Caption-style text data:
- Opening Delimiter -
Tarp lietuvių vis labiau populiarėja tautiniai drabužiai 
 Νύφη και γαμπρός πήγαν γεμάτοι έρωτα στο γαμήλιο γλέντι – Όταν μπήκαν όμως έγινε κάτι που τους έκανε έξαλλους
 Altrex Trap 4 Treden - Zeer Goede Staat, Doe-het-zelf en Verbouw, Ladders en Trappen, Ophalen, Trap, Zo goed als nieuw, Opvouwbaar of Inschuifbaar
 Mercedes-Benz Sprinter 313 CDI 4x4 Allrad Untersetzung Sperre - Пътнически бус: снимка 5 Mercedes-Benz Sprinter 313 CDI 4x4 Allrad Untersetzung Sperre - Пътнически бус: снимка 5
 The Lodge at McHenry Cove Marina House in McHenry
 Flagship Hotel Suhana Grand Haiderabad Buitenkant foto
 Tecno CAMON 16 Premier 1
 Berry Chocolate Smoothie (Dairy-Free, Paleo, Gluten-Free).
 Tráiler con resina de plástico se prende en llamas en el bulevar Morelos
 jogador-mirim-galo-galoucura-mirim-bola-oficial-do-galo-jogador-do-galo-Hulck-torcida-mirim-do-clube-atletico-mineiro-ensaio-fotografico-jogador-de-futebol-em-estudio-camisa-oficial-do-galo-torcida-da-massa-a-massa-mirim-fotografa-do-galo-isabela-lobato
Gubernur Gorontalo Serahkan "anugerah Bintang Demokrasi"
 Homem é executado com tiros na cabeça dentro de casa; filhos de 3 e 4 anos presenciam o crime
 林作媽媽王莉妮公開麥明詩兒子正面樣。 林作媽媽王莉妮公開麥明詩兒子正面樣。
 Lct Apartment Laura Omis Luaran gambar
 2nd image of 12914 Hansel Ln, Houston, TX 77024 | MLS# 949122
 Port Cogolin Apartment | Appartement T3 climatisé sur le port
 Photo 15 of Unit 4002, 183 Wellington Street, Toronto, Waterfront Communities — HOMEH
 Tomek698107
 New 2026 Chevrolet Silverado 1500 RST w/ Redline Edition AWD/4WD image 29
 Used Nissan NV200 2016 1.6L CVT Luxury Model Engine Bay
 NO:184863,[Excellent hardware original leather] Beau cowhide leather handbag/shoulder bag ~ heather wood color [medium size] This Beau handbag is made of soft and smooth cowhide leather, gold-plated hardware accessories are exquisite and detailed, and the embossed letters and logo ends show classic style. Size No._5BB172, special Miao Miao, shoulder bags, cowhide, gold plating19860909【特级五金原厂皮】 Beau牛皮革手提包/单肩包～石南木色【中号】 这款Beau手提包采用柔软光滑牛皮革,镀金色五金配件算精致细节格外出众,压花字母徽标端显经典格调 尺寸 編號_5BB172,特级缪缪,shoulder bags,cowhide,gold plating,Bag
- Closing Delimiter -
WHAT THIS TASK INVOLVES:
From the first line to the last, give the data again exactly.

RESPONSE BELOW:
Tarp lietuvių vis labiau populiarėja tautiniai drabužiai 
 Νύφη και γαμπρός πήγαν γεμάτοι έρωτα στο γαμήλιο γλέντι – Όταν μπήκαν όμως έγινε κάτι που τους έκανε έξαλλους
 Altrex Trap 4 Treden - Zeer Goede Staat, Doe-het-zelf en Verbouw, Ladders en Trappen, Ophalen, Trap, Zo goed als nieuw, Opvouwbaar of Inschuifbaar
 Mercedes-Benz Sprinter 313 CDI 4x4 Allrad Untersetzung Sperre - Пътнически бус: снимка 5 Mercedes-Benz Sprinter 313 CDI 4x4 Allrad Untersetzung Sperre - Пътнически бус: снимка 5
 The Lodge at McHenry Cove Marina House in McHenry
 Flagship Hotel Suhana Grand Haiderabad Buitenkant foto
 Tecno CAMON 16 Premier 1
 Berry Chocolate Smoothie (Dairy-Free, Paleo, Gluten-Free).
 Tráiler con resina de plástico se prende en llamas en el bulevar Morelos
 jogador-mirim-galo-galoucura-mirim-bola-oficial-do-galo-jogador-do-galo-Hulck-torcida-mirim-do-clube-atletico-mineiro-ensaio-fotografico-jogador-de-futebol-em-estudio-camisa-oficial-do-galo-torcida-da-massa-a-massa-mirim-fotografa-do-galo-isabela-lobato
Gubernur Gorontalo Serahkan "anugerah Bintang Demokrasi"
 Homem é executado com tiros na cabeça dentro de casa; filhos de 3 e 4 anos presenciam o crime
 林作媽媽王莉妮公開麥明詩兒子正面樣。 林作媽媽王莉妮公開麥明詩兒子正面樣。
 Lct Apartment Laura Omis Luaran gambar
 2nd image of 12914 Hansel Ln, Houston, TX 77024 | MLS# 949122
 Port Cogolin Apartment | Appartement T3 climatisé sur le port
 Photo 15 of Unit 4002, 183 Wellington Street, Toronto, Waterfront Communities — HOMEH
 Tomek698107
 New 2026 Chevrolet Silverado 1500 RST w/ Redline Edition AWD/4WD image 29
 Used Nissan NV200 2016 1.6L CVT Luxury Model Engine Bay
 NO:184863,[Excellent hardware original leather] Beau cowhide leather handbag/shoulder bag ~ heather wood color [medium size] This Beau handbag is made of soft and smooth cowhide leather, gold-plated hardware accessories are exquisite and detailed, and the embossed letters and logo ends show classic style. Size No._5BB172, special Miao Miao, shoulder bags, cowhide, gold plating19860909【特级五金原厂皮】 Beau牛皮革手提包/单肩包～石南木色【中号】 这款Beau手提包采用柔软光滑牛皮革,镀金色五金配件算精致细节格外出众,压花字母徽标端显经典格调 尺寸 編號_5BB172,特级缪缪,shoulder bags,cowhide,gold plating,Bag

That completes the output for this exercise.